After opening with a boisterous bit of Brahms (Scherzo in C minor, “Sonatensatz,” from the Sonata FAE, Brahms’ contribution to the work written with Robert Schumann and Albert Dietrich as a gift to their friend, Joseph Joachim), Josefowicz and Novacek launched into Robert Schumann’s heart-gripping Violin Sonata No. 1 in A minor, Op. 105. Its three movements cover a lot of emotional territory. Although there is a lot of sparkle, especially in the second movement, the Allegretto, there is also a lot of agitated feeling throughout. The colors were those of summer thunderstorms, blue-gray, blue-black, steel-blue, tossed and heaved through glints of heavy yellow light. Schumann wrote this tight Romantic work in a matter of days in 1851, but I think that if Delta bluesman Robert Johnson had heard it 85 years later, he would have appreciated its fierce, combative melancholy.

Josefowicz is exciting to watch: she stands like warrior, alert, prepared to lunge. And she does lunge into the music as if to apprehend it at bow-point, her platform sandals peeping out from the hem of her exotic flowing gown. But mostly she faces it four-square, vertebrae stacked, solor plexus open, shoulders down, the curves and rippling muscles of her bow arm a counterpoise to the 1724 Del Gesu violin in her other hand. There is nothing willowy or wistful about her. I’d dearly love to see her onstage with the ferocious cellist Maya Beiser. There would probably be spontaneous combustion.

After intermission, we moved into the 20th century, with a delightful performance of Manuel de Falla’s Suite populaire espagnole for Violin and Piano (arr. Paul Kochanski, who added very effective bits of pizzicato to mimic castanets). Some of these songs, especially “El paño moruno” and “Polo” are rich in blues, these dark as indigo. This was followed by the crisp, concentrated sound poems of György Kurtág’s Tre Pezzi per violin e pianoforte (Op. 14c), the first of which is “desolate and sad.” All three pieces were spare, unornamented, making a refreshing contrast to the heated arabesques of the de Falla.

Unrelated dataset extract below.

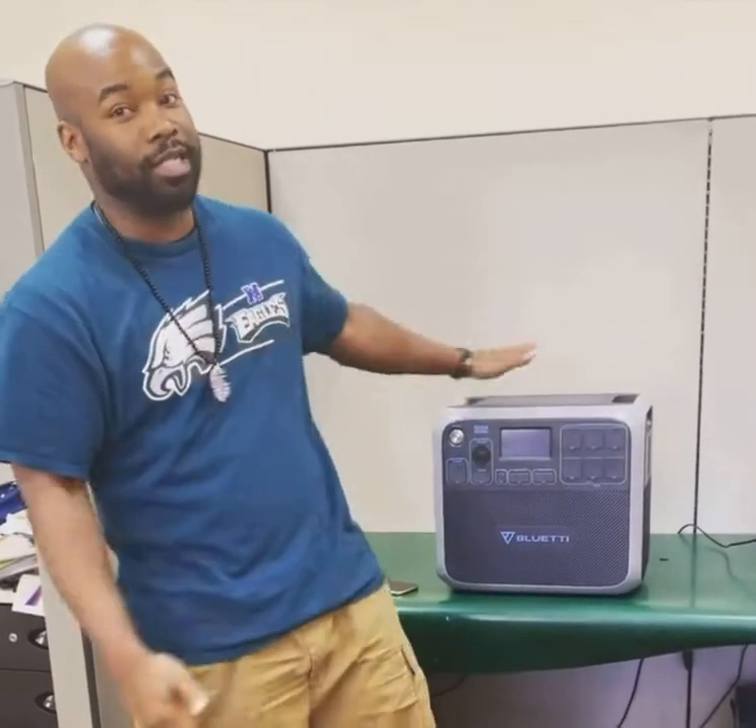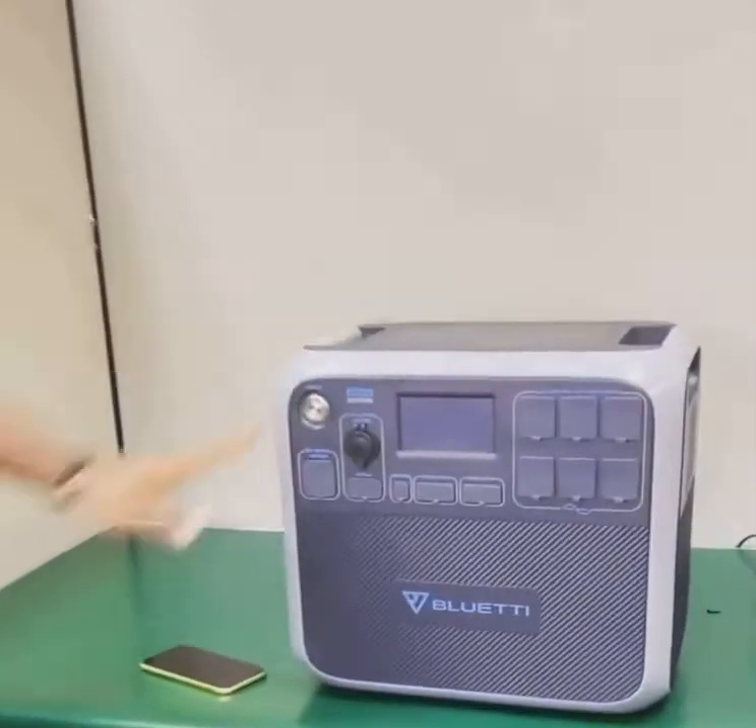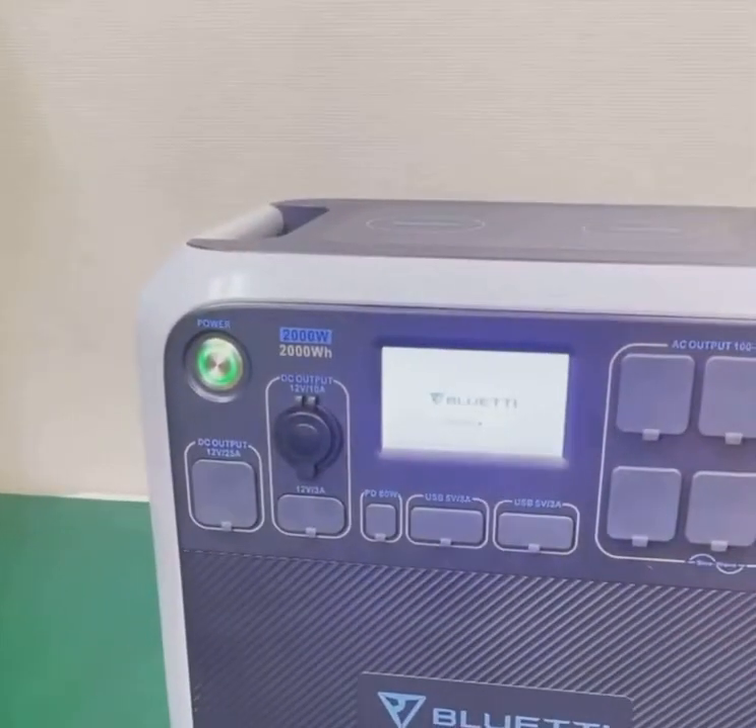Hello, this is Sean. Today I'm going to show you guys how the wireless charging system works. This is the Blue Eddy AC200. I'm going to turn it on. It's really simple.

OK, so much for the blues, let’s get on with the swing. John Adams’ Road Movies (1995) has a marvelous amount of swing for minimalist art music. Josefowicz has played and recorded a lot of Adams, and her muscular approach must surely please the composer. Adams’ music elicits landscape imagery in my brain–big brawny landscapes, rocky, windy, with rushing water, and this piece takes one on a journey through such territory. I especially like the last movement on which pianist Novacek demonstrated that he’s got that thing: “‘40% Swing.'” It feels like you are in a 4-wheel drive vehicle going where you hadn’t ought to be, ending up at the bottom of a ravine with your oil pan smashed on a rock and you just don’t care because both the ride down and the view upward are so worth it.